Can you suggest common material for 600 students? (ShapeOKO 3)

(Michael Fairbanks) #1

Good Day, folks

On Monday I’ll purchase the ShapeOKO 3 for my Engineering and Technology classroom (6-8th grades).

I also have two (soon three) 3D printers.

My course is nine weeks. During that time students learn a bit of theory and history (drafting, design model, inventors, business, fabricating, and more). It’s a short course, but I want it to be as hands-on as possible.

Here’s essentially how I do the hands-on portion:

  1. Students learn how to make a (for their age) formal multi-view drawing, including an isometric view (of a rectangular puzzle piece).

  2. I also teach them how to make a 2D scale model of the classroom, including movable furniture (they make a map of the room’s walls, doors, permanent fixtures on graph paper, followed by scale furniture on index cards). They have to account for walkways, etc., and everything is to scale.

  3. Thirdly, I make them scale down, draw, and build a piece of furniture using hand tools and soft woods.

  4. Next is CAD. They start with TinkerCad and can move up at their own pace to 123D Design, Sketchup, and a couple others.

Once they are comfortable with 3D design on a basic level, I allow them to begin making projects. They are horrible in general with the concept of originality, invention and innovation, but that’s something I need to work on from my end (teaching them how to think).

And now to my question: I have a $1,000 budget for consumable supplies (materials).

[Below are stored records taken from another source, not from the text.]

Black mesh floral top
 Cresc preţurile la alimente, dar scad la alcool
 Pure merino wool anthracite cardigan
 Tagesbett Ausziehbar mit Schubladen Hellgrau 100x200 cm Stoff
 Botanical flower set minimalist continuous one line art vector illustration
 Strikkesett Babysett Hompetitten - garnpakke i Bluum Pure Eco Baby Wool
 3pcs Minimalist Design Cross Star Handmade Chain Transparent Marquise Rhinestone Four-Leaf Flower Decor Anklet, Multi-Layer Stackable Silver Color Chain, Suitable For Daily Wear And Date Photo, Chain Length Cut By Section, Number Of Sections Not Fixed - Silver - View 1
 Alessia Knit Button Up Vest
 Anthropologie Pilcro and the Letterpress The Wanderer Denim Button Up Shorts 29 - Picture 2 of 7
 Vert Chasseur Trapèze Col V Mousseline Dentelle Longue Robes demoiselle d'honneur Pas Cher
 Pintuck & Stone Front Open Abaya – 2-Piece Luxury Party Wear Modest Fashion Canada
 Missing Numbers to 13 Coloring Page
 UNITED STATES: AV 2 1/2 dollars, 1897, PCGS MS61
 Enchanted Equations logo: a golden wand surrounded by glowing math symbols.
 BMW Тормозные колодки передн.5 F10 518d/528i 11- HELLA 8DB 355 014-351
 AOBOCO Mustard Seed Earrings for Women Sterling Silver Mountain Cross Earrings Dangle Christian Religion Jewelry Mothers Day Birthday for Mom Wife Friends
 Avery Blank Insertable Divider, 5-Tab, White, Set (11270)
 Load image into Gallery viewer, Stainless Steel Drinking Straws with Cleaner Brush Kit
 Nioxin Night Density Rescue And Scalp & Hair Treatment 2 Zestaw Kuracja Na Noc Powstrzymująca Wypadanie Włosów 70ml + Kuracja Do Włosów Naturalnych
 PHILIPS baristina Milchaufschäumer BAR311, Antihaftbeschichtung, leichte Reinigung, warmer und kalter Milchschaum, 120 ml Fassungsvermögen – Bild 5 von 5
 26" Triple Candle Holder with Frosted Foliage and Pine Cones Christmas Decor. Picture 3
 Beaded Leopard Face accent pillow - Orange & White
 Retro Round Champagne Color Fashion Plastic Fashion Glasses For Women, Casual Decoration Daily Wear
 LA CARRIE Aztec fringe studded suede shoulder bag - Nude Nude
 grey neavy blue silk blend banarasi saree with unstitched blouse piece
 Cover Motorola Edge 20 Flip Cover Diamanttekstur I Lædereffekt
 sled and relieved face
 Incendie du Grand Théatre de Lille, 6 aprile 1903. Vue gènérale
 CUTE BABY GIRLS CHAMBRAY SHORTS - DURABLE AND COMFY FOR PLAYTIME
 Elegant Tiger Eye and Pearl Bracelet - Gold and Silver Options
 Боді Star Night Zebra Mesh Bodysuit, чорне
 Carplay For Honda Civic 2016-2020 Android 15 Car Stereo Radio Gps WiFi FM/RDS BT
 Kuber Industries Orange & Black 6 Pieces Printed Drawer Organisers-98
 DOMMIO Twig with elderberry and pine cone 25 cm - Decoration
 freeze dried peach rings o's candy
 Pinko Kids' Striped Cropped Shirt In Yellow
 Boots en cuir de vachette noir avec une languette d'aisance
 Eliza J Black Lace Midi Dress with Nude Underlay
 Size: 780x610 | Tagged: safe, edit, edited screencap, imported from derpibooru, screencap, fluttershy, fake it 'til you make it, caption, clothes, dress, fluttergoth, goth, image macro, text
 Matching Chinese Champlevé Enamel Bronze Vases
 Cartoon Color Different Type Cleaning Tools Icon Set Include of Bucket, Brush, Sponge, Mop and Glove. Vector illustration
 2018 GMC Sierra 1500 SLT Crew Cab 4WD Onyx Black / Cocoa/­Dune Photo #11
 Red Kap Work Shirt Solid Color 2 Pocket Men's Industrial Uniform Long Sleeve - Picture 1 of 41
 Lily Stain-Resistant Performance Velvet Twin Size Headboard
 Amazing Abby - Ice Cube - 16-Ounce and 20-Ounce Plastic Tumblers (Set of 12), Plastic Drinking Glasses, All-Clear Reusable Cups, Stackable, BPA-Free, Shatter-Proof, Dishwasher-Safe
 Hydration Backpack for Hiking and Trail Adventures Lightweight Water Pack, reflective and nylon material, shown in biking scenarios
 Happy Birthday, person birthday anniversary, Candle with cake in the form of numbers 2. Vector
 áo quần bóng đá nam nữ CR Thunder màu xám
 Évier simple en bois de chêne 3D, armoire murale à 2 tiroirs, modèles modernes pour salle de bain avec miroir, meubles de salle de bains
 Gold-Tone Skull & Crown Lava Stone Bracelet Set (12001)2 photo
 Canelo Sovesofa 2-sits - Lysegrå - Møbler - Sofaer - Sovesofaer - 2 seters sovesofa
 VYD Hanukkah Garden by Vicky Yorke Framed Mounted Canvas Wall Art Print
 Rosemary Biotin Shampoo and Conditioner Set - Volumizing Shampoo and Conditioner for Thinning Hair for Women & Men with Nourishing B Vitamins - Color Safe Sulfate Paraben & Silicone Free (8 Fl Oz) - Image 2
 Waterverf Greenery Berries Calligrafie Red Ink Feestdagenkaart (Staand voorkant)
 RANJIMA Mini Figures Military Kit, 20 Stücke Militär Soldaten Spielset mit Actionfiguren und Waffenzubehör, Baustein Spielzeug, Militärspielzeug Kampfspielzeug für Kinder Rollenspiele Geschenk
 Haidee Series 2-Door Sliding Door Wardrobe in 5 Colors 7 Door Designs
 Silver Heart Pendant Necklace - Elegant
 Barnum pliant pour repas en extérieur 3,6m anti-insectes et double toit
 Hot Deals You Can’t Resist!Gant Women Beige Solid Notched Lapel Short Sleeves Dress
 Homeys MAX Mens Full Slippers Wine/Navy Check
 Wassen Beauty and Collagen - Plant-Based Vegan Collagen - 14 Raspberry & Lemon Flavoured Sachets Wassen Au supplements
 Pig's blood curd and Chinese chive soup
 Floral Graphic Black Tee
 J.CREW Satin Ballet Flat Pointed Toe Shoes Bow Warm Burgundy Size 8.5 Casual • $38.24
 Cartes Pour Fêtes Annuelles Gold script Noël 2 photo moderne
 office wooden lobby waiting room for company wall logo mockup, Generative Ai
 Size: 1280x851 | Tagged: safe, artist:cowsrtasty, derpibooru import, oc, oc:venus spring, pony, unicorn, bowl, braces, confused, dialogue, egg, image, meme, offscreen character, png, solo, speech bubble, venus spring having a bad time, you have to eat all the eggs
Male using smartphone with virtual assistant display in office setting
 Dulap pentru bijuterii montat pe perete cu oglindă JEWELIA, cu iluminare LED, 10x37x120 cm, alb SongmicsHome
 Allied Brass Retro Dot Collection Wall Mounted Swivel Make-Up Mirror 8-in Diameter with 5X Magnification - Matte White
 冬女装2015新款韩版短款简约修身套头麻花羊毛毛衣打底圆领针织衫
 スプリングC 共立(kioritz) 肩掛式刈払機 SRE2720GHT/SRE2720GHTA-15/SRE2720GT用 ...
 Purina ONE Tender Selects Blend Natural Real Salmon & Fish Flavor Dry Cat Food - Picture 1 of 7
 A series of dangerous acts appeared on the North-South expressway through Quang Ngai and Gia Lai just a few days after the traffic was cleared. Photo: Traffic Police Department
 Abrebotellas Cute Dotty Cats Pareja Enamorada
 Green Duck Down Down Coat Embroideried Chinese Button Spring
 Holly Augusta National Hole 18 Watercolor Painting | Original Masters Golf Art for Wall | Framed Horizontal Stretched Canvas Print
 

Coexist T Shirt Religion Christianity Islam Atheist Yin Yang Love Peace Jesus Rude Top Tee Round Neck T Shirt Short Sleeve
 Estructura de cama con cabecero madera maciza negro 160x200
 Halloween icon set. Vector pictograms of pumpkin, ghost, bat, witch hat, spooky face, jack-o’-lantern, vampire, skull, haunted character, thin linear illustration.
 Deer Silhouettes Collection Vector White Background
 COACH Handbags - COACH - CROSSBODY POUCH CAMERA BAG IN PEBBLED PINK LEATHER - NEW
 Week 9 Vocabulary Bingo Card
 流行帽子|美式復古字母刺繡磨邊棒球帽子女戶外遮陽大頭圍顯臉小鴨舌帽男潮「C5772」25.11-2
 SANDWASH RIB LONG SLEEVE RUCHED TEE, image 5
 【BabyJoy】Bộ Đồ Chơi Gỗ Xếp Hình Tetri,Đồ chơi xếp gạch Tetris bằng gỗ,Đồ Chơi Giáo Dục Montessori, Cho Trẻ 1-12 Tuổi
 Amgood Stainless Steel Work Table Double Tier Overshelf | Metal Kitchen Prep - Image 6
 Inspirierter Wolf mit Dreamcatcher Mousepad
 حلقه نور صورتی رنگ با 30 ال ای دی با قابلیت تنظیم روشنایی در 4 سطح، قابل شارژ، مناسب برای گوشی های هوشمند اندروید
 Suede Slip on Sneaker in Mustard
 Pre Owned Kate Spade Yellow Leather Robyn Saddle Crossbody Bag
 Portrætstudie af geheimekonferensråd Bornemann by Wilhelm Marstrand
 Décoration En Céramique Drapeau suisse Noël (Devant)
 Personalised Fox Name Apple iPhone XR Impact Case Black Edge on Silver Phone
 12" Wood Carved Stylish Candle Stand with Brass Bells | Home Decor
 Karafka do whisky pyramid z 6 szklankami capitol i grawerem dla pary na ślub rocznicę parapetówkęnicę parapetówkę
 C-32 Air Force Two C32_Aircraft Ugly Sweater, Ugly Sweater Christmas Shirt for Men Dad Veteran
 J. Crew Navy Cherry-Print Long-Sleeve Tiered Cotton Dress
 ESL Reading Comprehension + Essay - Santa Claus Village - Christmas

The money cannot be used for tools unless it’s small replacement parts (bits, extruders, etc.).

I want to get the most for that money. I’ll use about $200 on filament for the 3D printers, but I don’t know what to purchase for the ShapeOKO3 in order to give every student an opportunity to design and build a model.

I generally want each kid to have a piece of soft material that is about 2-3 inches thick, about 4-6 inches wide, and about 6-8 inches long. It seems that perhaps poplar or pine would be a good choice.

I’d love to get a lot of machinable wax, but I don’t know if my budget can handle that for the number of students I teach.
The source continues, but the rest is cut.